Bislang wurden vor allem Gifte tropischer Arten – wie dieser Grünkopfameise (Rhytidoponera metallica) – untersucht
© Louis Roth
Bislang wurden vor allem Gifte tropischer Arten – wie dieser Grünkopfameise (Rhytidoponera metallica) – untersucht

Wissenschaftlerinnen und Wissenschaftlern des Zentrums für Translationale Biodiversitätsgenomik gelang es erstmals, den Giftcocktail zweier heimischer Knotenameisenarten zu entschlüsseln.

Ameisen kommen weltweit mit etwa 14.000 Arten vor und sind insbesondere dafür bekannt, Staaten zu bilden.

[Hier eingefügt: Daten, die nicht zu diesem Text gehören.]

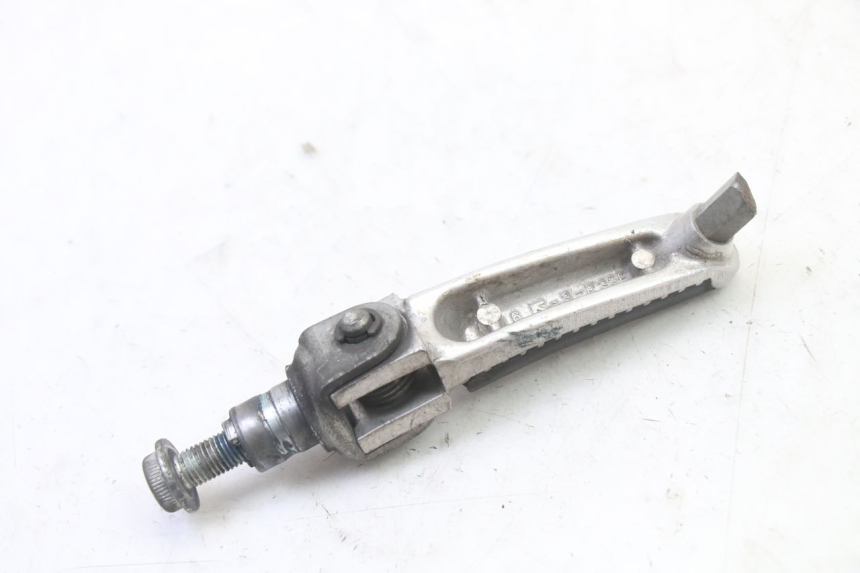 photo de CALE PIED AVANT DROIT SUZUKI SV S 650 (2003 - 2009)
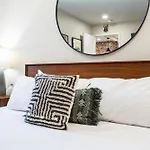2 Bdr Riverfront Living In Downtown * Nashville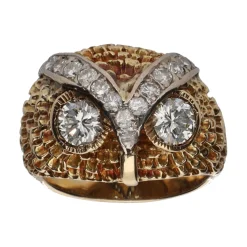 ANILLOS / SORTIJAS Sortija en oro amarillo con diamantes naturales.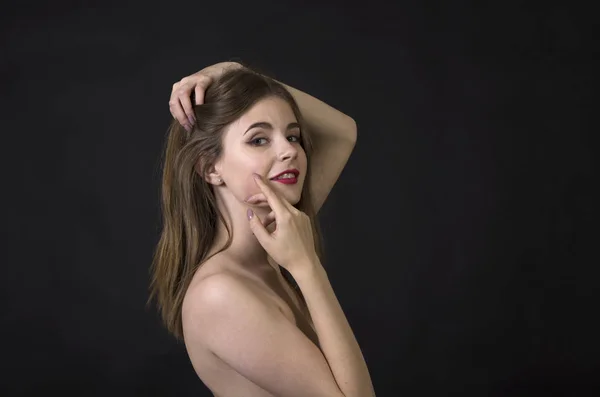 Portret Brunetka Długie Włosy Makijaż Ciemnym Tle Łapka Ciemnym Tle — Zdjęcie stockowe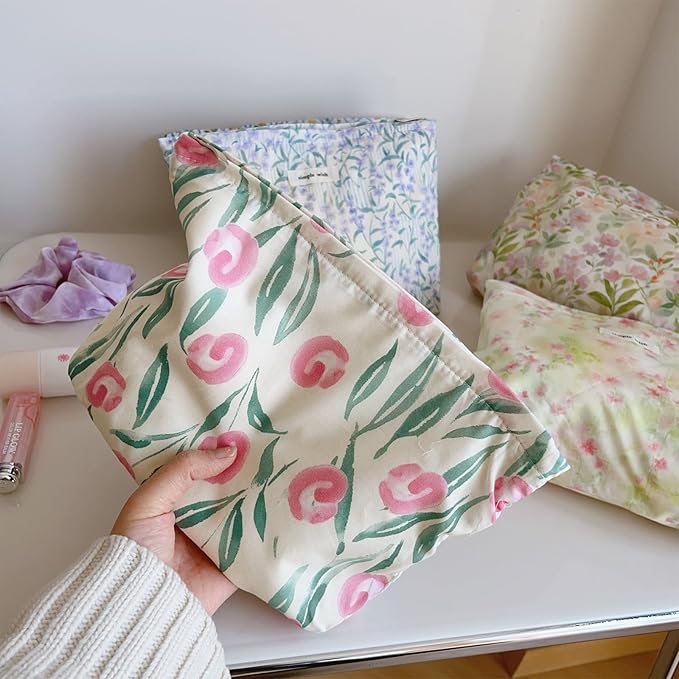 Wudygirl Cute Makeup Bag for Women - Travel Cosmetic Bag with Zipper Makeup Pouch Floral Make up Organizer Handbag Aesthetic (White Tulips)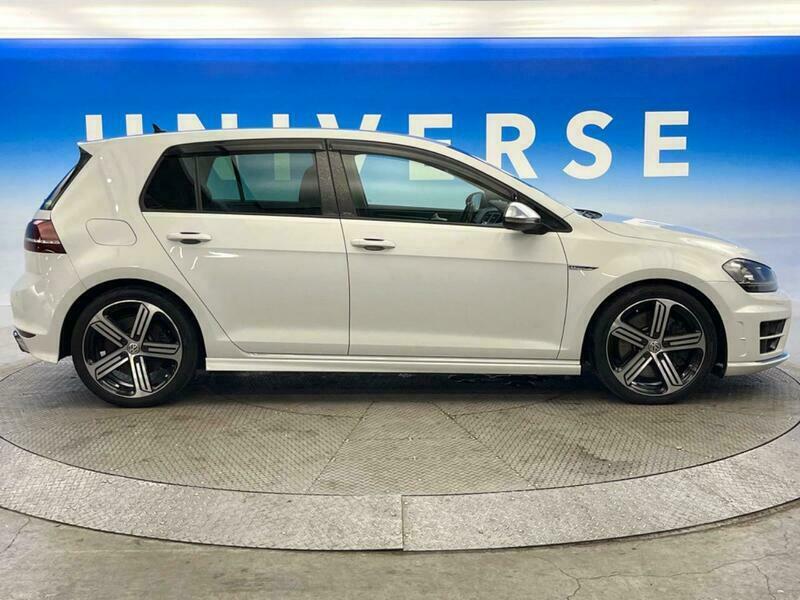 GOLF R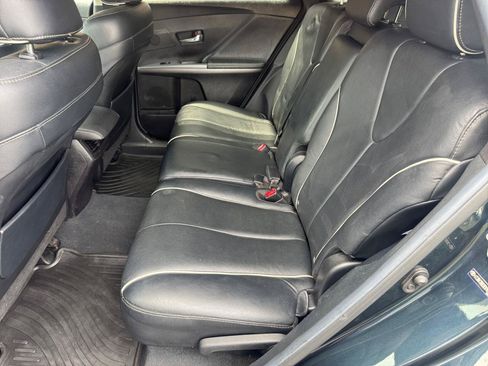 Used 2014 Toyota Venza XLE w/ XLE Premium Package AWD/4WD image 6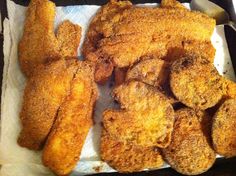 some fried food is sitting in a box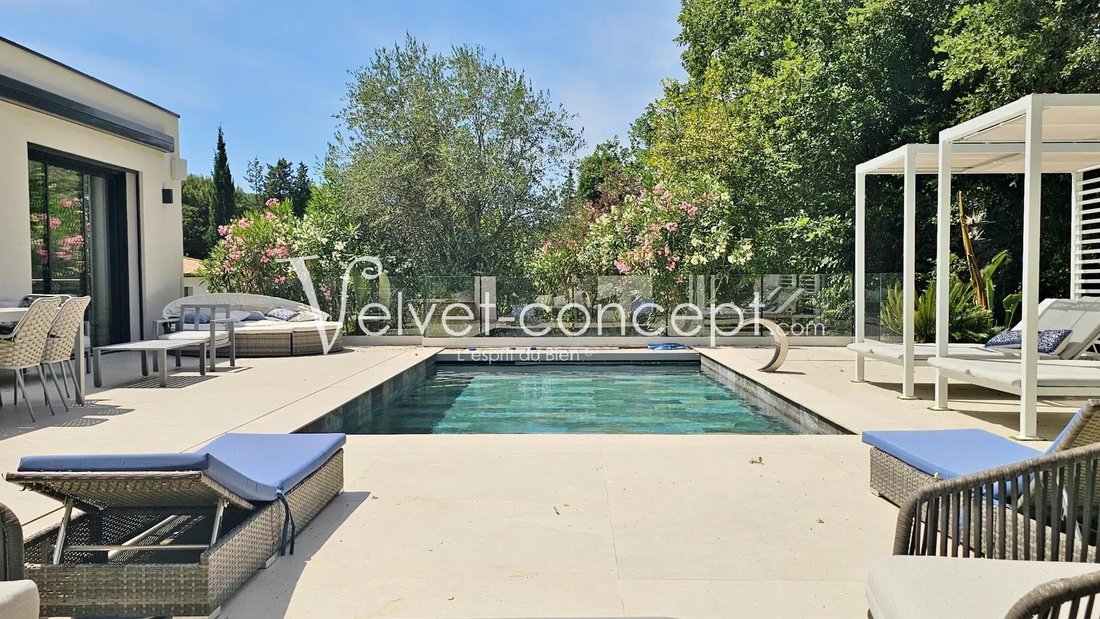 Villa in Châteauneuf-Grasse, Provence-Alpes-Côte d'Azur, France 5 - 19071184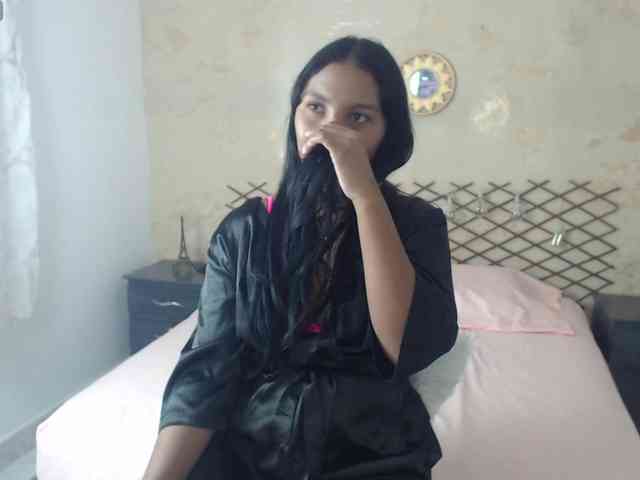 MiaOwenx webcam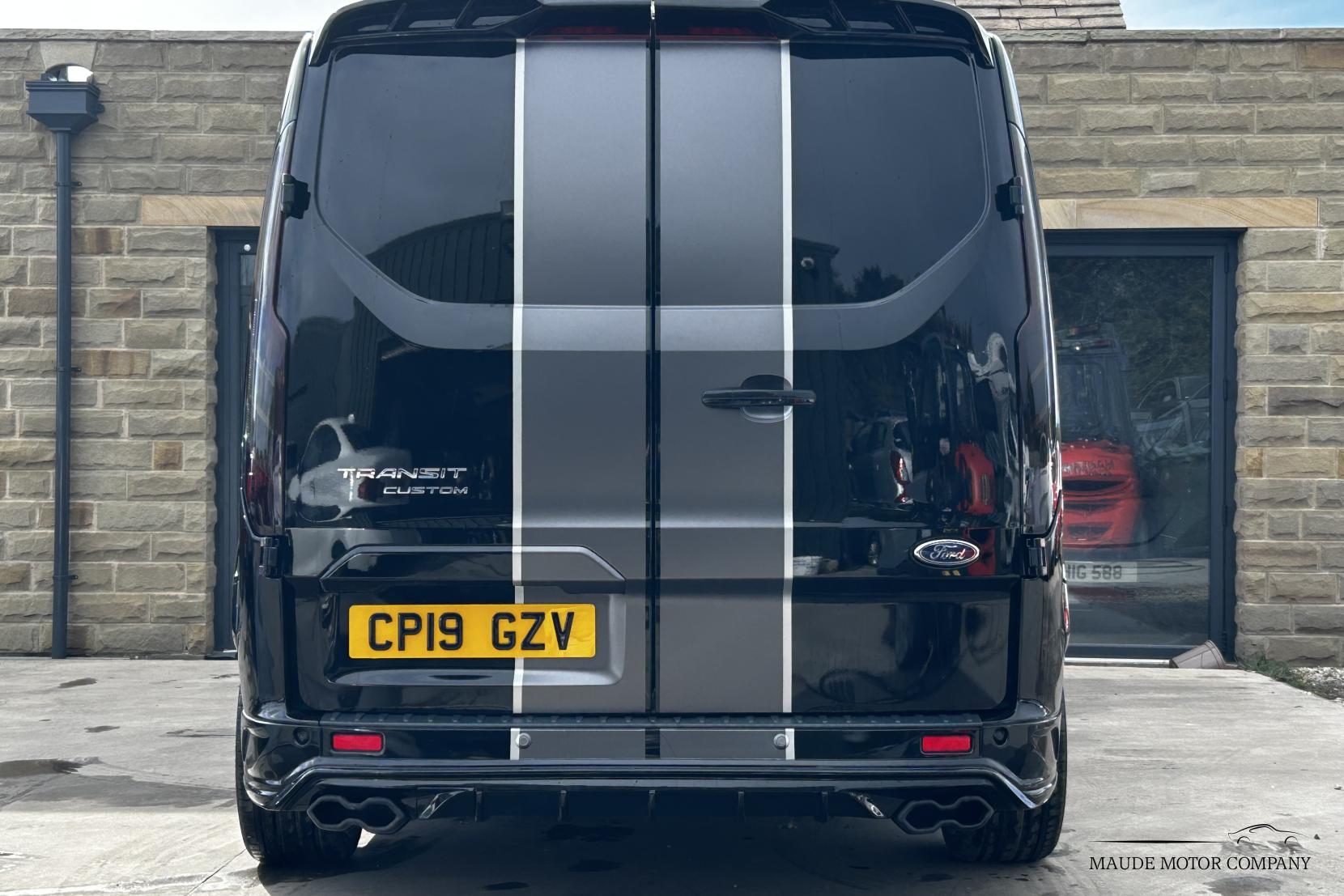 Ford Transit Custom 2.0 300 EcoBlue Limited Panel Van 5dr Diesel Auto L2 H1 Euro 6 (s/s) (130 ps)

Eine wesentliche Fähigkeit, die ihnen diese Lebensweise ermöglicht, war die Evolution von chemischen „Verteidigungswaffen“, um so ihre Kolonien gegen Räuber zu verteidigen. Während einige Arten Säure versprühen, entwickelten die meisten anderen Ameisenarten stattdessen einen Giftstachel, mit dem sie stark wirksame Toxine injizieren. Einige der großen tropischen Ameisen wie etwa die australische Bulldoggen-Ameise Myrmecia gullosa sind bekannt für ihre extrem schmerzhaften Stiche. Da sich die Forschung bislang auf Gifte exotischer Ameisenarten konzentriert hat, sind die der etwa 100 in Deutschland lebenden Ameisenarten nahezu unerforscht.

Den Giftcocktail der heimischen Knotenameisenarten (Myrmica rubra und Myrmica ruginodis) entschlüsselten die Forscher:innen nun mittels systembiologischer Methoden und identifizierten dabei potenziell wertvolle Biomoleküle. „Die Gifte der Knotenameisen enthalten so genannte EGF-Toxine, welche zuvor in hochgiftigen Bulldoggen-Ameisen identifiziert worden sind. In diesen sind sie für die starken Schmerzen nach einem Stich verantwortlich. Die EGF-Toxine der Knotenameisen unterscheiden sich jedoch strukturell von denen der Bulldoggen-Ameisen und wir vermuten, dass sie in erster Linie auf andere Insekten abzielen. Dies macht sie zu möglichen Ausgangsstoffen für die Entwicklung von Bioinsektiziden“, erklärt Dr. Tim Lüddecke, Nachwuchsgruppenleiter der Arbeitsgruppe „Animal Venomics“ am Fraunhofer IME und Wissenschaftlicher Mitarbeiter am Institut für Insektenbiotechnologie der JLU Gießen.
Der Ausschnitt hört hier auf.